Not the same Asian Film Corner as the last few times, but when all your posters are actually HDTVs, you can throw up "current Chinese movies playing, plus the one opening Friday" for a half-hour on either side of the movie's start time, and then change it up, as they were showing something different when I left.

Interesting thing: AMC definitely added more showtimes for Johnny Keep Walking! at some point; it was basically half a screen, alternating slots with Time Still Turns the Pages and apparently getting the bad end during the week when showtimes shifted to get rid of the 9pm screenings, but it wound up getting expanded to a full day's slate and held over for a second weekend, with pretty decent turn-out in the show I went to (which was admittedly a not-huge theater). I've occasionally wondered how much flexibility theaters have in adjusting showtimes now that people are reserving specific seats online a week in advance, and it seems AMC at least has a little here.

It's warranted here, too, because this one's pretty fun. Also, I apparently saw director Runnian Dong's previous film, Gone with the Light, but have zero memory or record of it aside from logging it on Letterboxd during 2020's virtual NYAFF (the one with the terrible streaming platform). I should maybe circle back to that sometime.


Nian hui bu neng ting! (Johnny Keep Walking!)

* * ¾ (out of four)
Seen 23 January 2024 in AMC Causeway #12 (first-run, laser DCP)

A thing I often wonder about while watching imported comedies like Johnny Keep Walking! is to what extent the rest of the audience is really digging the whole thing while I'm just enjoying the jokes good enough to punch through the language and cultural barriers. There are long stretches to this movie where I kind of see what kind of earnest silliness it's striving for, but don't quite laugh, which can make for a long-ish evening. On the other hand, when it does do so, it's kind of sublimely ridiculous, and I bit the expats, students, and Chinese-American folks behind me are having a really great time.

It starts out in 1998, with Hu Jianlin (Dong "Da Peng" Chengpeng) repairing a mirrorball at the new year's party for the factory where he works, eager to sing for his co-workers and the future looking bright. Fast forward twenty-one years, and he's more or less in the same place, right down to living with his mother, but the plant is now the Standard Component Factory for the Zhonghe group, a massive corporation with a big-city headquarters and investments in almost every business sector in China. His ambitions still don't extend much further than performing in the company gala, although co-worker Zhuang Zhengzhi (Wang Xun) is angling for a promotion to headquarters, and has in fact paid a substantial bribe and participated in some off-the-books scheming to make it happen. Unfortunately, Jianlin's application to perform and Zhuang's for a promotion get switched, so now Jianlin has a position in Human Resources that he doesn't understand, and his put-upon supervisor Ma Jie (Bai "White-K" Ke) - or "Magic", as everyone at headquarters uses an English nickname - realizes that he's been promoted by mistake. Fearing that exposing "Johnny" to his superiors will lead to him taking the fall, Ma enlists bitter six-year temp Pan "Penny" Yiran (Zhuang Dafei) to get his work done. The question is, will Johnny's country-bumpkin good nature make him the perfect patsy to execute a massive round of layoffs, or will it throw a wrench into the execs' plans?

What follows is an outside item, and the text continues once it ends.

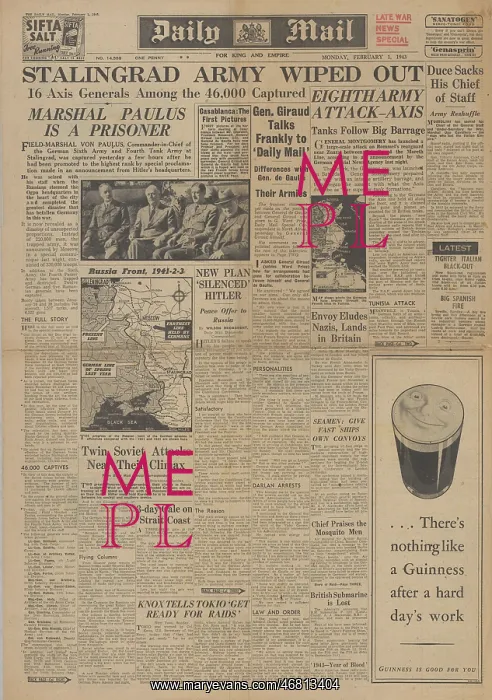 : Daily Mail front page German Army surrender at Stalingrad : Daily Mail front page German Army surrender at Stalingrad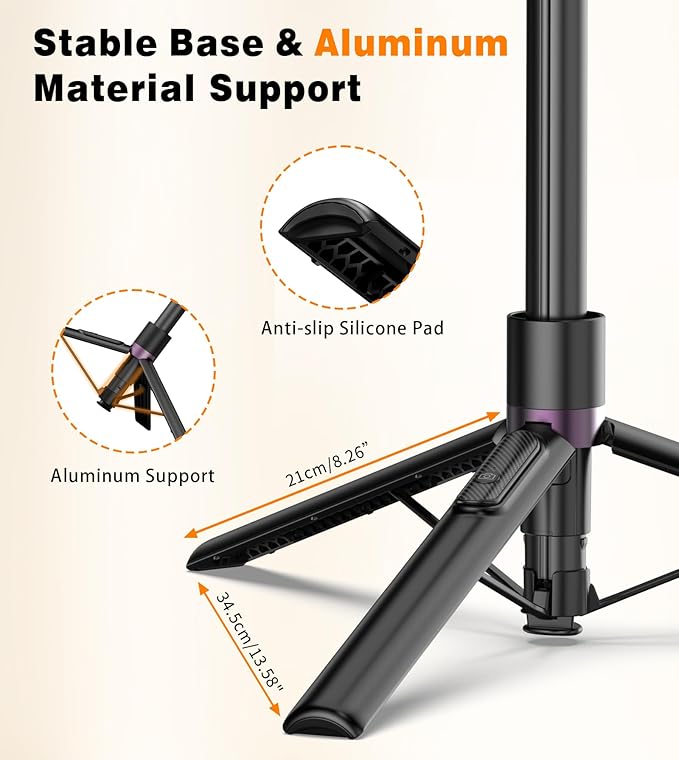 TONEOF 68" Magnetic Selfie Stick Tripod with Aluminum Strong Magnetic Holder for Magsafe, 360° Rotatable Travel Phone Tripod Stand with Metal Ring & Rechargeable Remote for iPhone/Android（Black）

Folks have been making comedies about less sophisticated folks crashing big business - Safety Last! with Harold Lloyd is hardly the first - though there are a lot of different templates. Johnny Keep Walking! tries most every variation at one point or another (although, oddly, there's no romantic subplot). Sometimes the pieces don't quite match up, as Jianlin can occasionally seem dim rather than just out of his element. It's hard, I think, to come up with jokes about corporate culture that haven't been done before, but the filmmakers handle their own goofy ideas well, whether it be the screwy way Zhuang winds up losing his contact in the company to the employees of this Chinese company choosing English names. I must admit to being kind of curious how the joke about Ma Jie not daring to go .with "Jack Ma" as a name lands with Chinese viewers.

Star Da Peng seems to handle this sort of thing a bit better in the films he writes and directs himself - finding the zany/deadpan overlap is tricky - and it kind of makes his "Johnny" fuzzy enough that the jokes aren't really about him, and the trio at the center never works as well as a unit as they do anchoring jokes about individual types and positions - Zhuang Dafei makes Penny enjoyably snarky without being abrasive and White-K is enjoyably frazzled. They're a likable enough set, at least, easy enough to root for, and certainly more fleshed-out than the scheming executives.

It's messy at times - the sequence where Jianlin seems to sell out really doesn't work at all - but it builds surprisingly well, doing a nifty job of getting weirder as Zhuang hides out in the city headquarters (minus pants) while driving toward a conclusion. The film ends on a fun musical number that works even for those of us that don't speak a word of Mandarin, and that's some solid execution!